**Source material:**

○ ○ ○ ○ ○ ○ ○

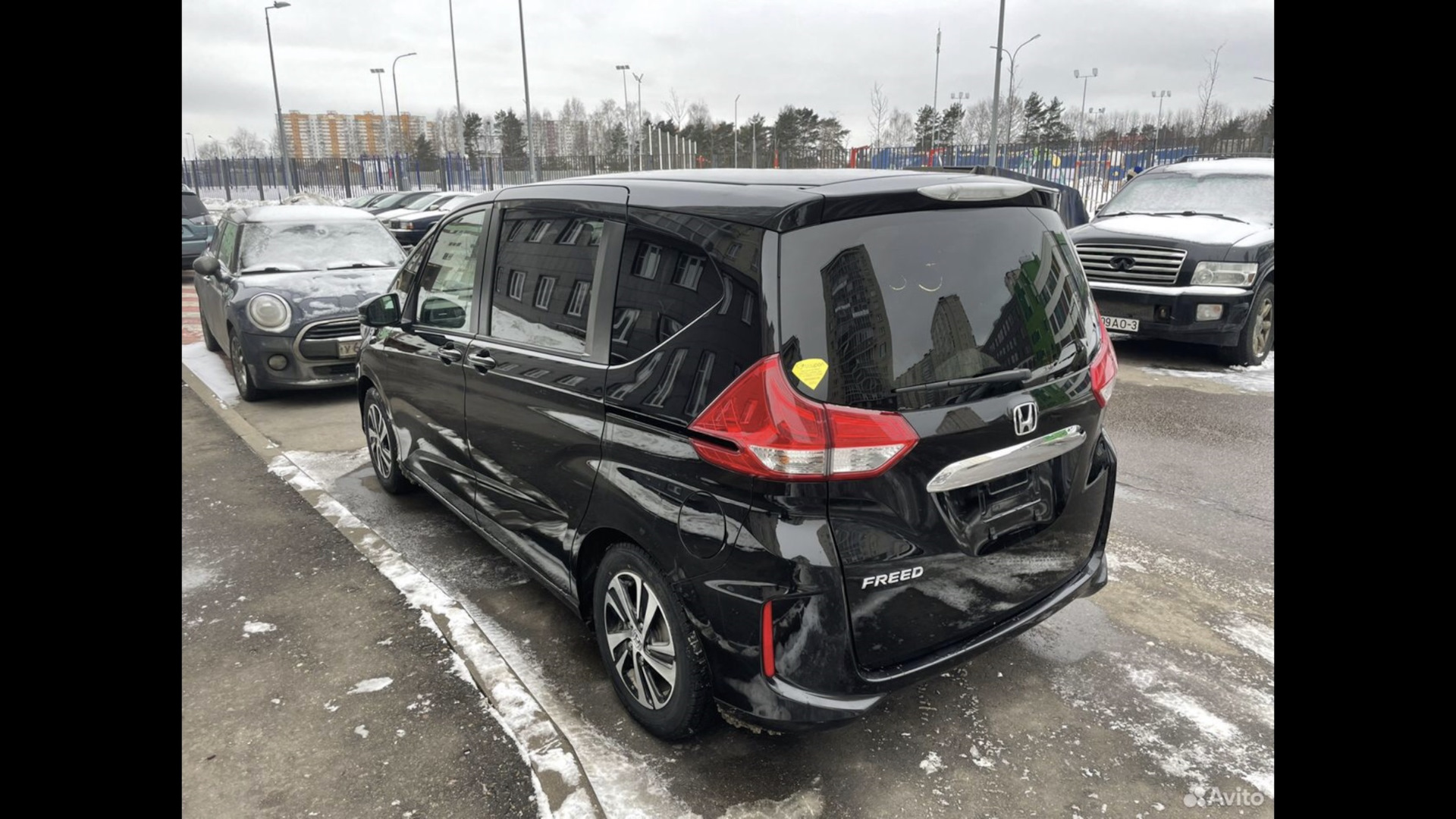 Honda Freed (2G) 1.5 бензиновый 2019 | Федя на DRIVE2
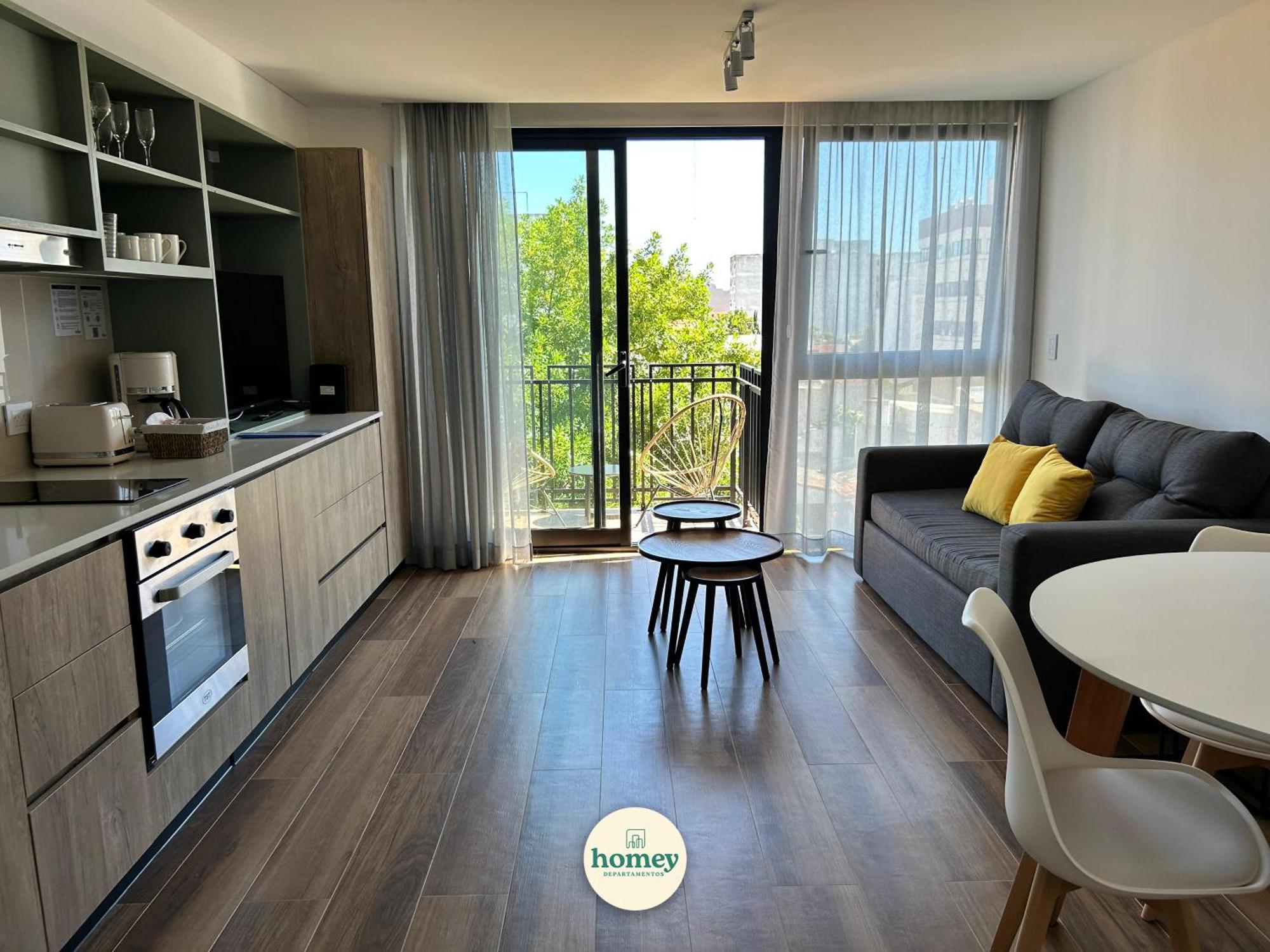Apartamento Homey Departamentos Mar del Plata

○ ○ ○ ○ ○ ○ ○

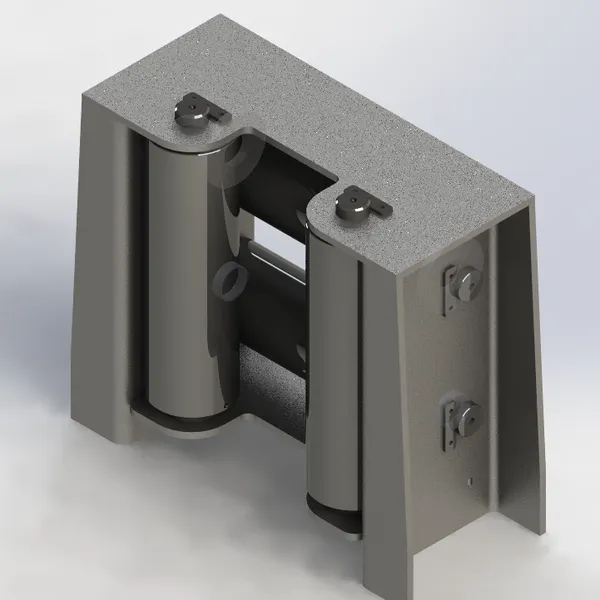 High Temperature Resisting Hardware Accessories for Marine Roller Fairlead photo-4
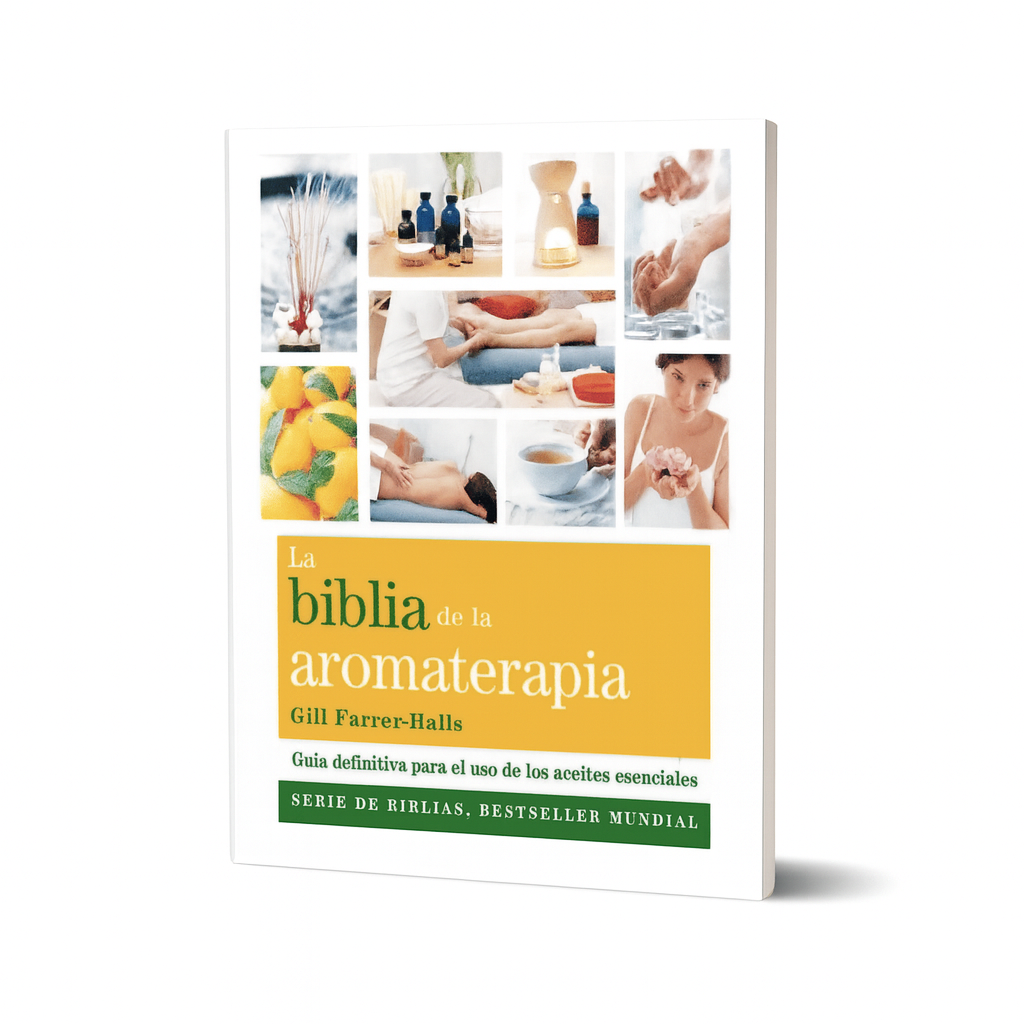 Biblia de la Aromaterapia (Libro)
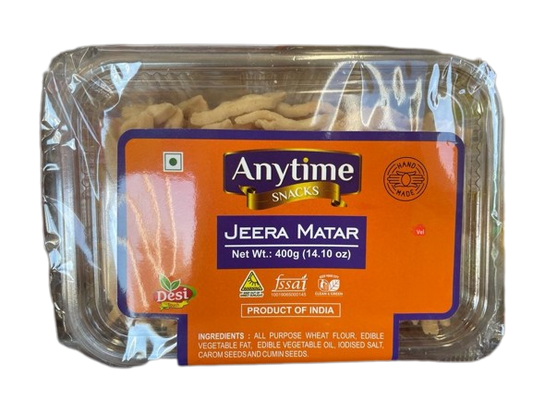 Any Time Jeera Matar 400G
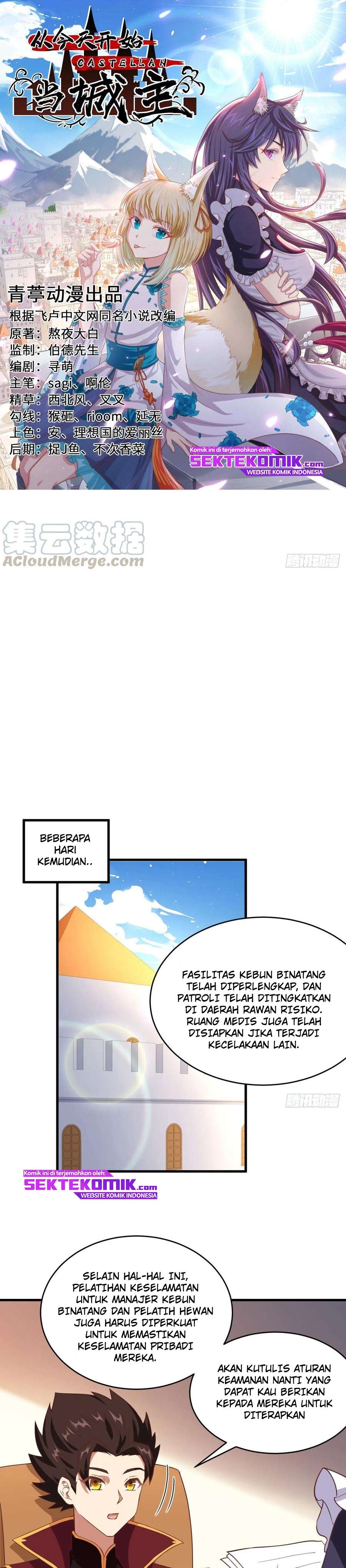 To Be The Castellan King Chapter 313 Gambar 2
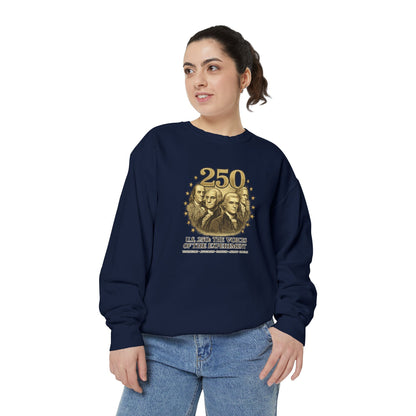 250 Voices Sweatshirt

○ ○ ○ ○ ○ ○ ○

**About this task:** Give back, exactly and without pictures, the stretch of the records above from the line containing "Any Time Jeera Matar 400G" through the line containing "250 Voices Sweatshirt", with both end lines included.

**Completed task:**
 Any Time Jeera Matar 400G
 To Be The Castellan King Chapter 313 Gambar 2
 250 Voices Sweatshirt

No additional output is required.